Six individuals were convicted of, or pleaded guilty to, charges related to defrauding Ohio’s workers’ compensation system in February 2014, according to the Ohio Bureau of Workers’ Compensation (BWC) Administrator/CEO Steve Buehrer.
The court actions are the result of investigations conducted by BWC’s Special Investigations Department (SID). The department works to deter, detect, investigate and prosecute workers’ compensation fraud.
“From investigators to claims service specialists, and even other agencies, we have many sets of eyes watching for signs of workers’ compensation fraud,” Buehrer said. “These attentive eyes, along with valuable tips from across the state that bring attention to potential fraud, provide outstanding support in our work to protect the State Insurance Fund.”

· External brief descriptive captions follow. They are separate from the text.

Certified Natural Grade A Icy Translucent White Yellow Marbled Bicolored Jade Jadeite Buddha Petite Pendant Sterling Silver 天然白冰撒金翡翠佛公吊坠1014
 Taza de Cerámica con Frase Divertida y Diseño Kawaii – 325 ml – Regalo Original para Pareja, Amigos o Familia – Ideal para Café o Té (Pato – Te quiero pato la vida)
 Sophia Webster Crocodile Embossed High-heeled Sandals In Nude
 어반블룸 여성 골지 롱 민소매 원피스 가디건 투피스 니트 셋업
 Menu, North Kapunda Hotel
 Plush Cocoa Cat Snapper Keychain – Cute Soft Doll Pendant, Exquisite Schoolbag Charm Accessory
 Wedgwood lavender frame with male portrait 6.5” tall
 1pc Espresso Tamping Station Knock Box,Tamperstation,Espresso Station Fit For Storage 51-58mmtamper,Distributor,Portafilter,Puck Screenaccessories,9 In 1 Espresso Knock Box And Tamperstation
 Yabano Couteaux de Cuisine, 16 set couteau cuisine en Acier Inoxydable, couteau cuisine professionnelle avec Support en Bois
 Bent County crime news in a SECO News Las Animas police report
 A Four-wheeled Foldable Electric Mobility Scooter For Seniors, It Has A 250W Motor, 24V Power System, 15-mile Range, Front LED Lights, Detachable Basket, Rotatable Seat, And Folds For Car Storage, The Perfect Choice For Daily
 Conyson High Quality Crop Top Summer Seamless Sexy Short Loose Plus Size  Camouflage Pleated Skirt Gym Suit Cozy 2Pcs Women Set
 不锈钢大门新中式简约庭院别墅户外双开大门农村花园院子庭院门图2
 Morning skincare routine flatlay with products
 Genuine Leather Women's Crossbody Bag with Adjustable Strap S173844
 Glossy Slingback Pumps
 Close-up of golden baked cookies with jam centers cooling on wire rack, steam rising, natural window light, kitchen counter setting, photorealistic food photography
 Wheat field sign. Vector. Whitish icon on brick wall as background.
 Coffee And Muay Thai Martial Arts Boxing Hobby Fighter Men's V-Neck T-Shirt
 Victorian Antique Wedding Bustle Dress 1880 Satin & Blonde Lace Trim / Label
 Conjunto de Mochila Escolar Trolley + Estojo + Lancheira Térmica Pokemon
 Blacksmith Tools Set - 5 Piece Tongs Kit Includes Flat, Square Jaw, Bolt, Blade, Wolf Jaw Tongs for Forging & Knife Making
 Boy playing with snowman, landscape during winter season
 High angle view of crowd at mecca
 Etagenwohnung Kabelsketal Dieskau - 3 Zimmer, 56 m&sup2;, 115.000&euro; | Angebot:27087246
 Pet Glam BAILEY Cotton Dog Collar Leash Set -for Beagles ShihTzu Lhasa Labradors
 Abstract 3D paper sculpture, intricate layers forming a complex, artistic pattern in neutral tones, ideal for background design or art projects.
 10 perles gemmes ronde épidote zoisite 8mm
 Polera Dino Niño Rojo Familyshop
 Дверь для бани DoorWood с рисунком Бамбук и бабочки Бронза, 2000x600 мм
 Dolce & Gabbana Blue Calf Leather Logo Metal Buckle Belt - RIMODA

The following case information represents a sampling of cases that resulted in guilty pleas or convictions during February.
- William Mcie pleaded guilty to one count of workers’ compensation fraud, a fifth-degree felony, for working while receiving workplace injury benefits. An allegation was received that Mcie was working as a self-employed carpenter. Mcie was observed arriving at multiple work locations and suppliers. Interviews with Mcie’s customers and suppliers confirmed he returned to work while concurrently receiving temporary total disability benefits between May 2008 and September 2012. Sentencing is set for April 2.
- Lonnie Mace pleaded guilty to workers’ compensation fraud, a fifth-degree felony, for working while receiving workplace injury benefits. An allegation was made after a cross match with the Public Utilities Commission of Ohio (PUCO). Investigators found Mace was receiving permanent total disability benefits while a driver of a commercial vehicle during a 2010 safety inspection. They also found that Mace was employed by a trucking company prior to and during the inception of his benefits. Mace’s benefits were terminated and a lump sum advancement of his benefits was declared overpaid, totaling $103,174.34 due to BWC. Sentencing is scheduled for April 3.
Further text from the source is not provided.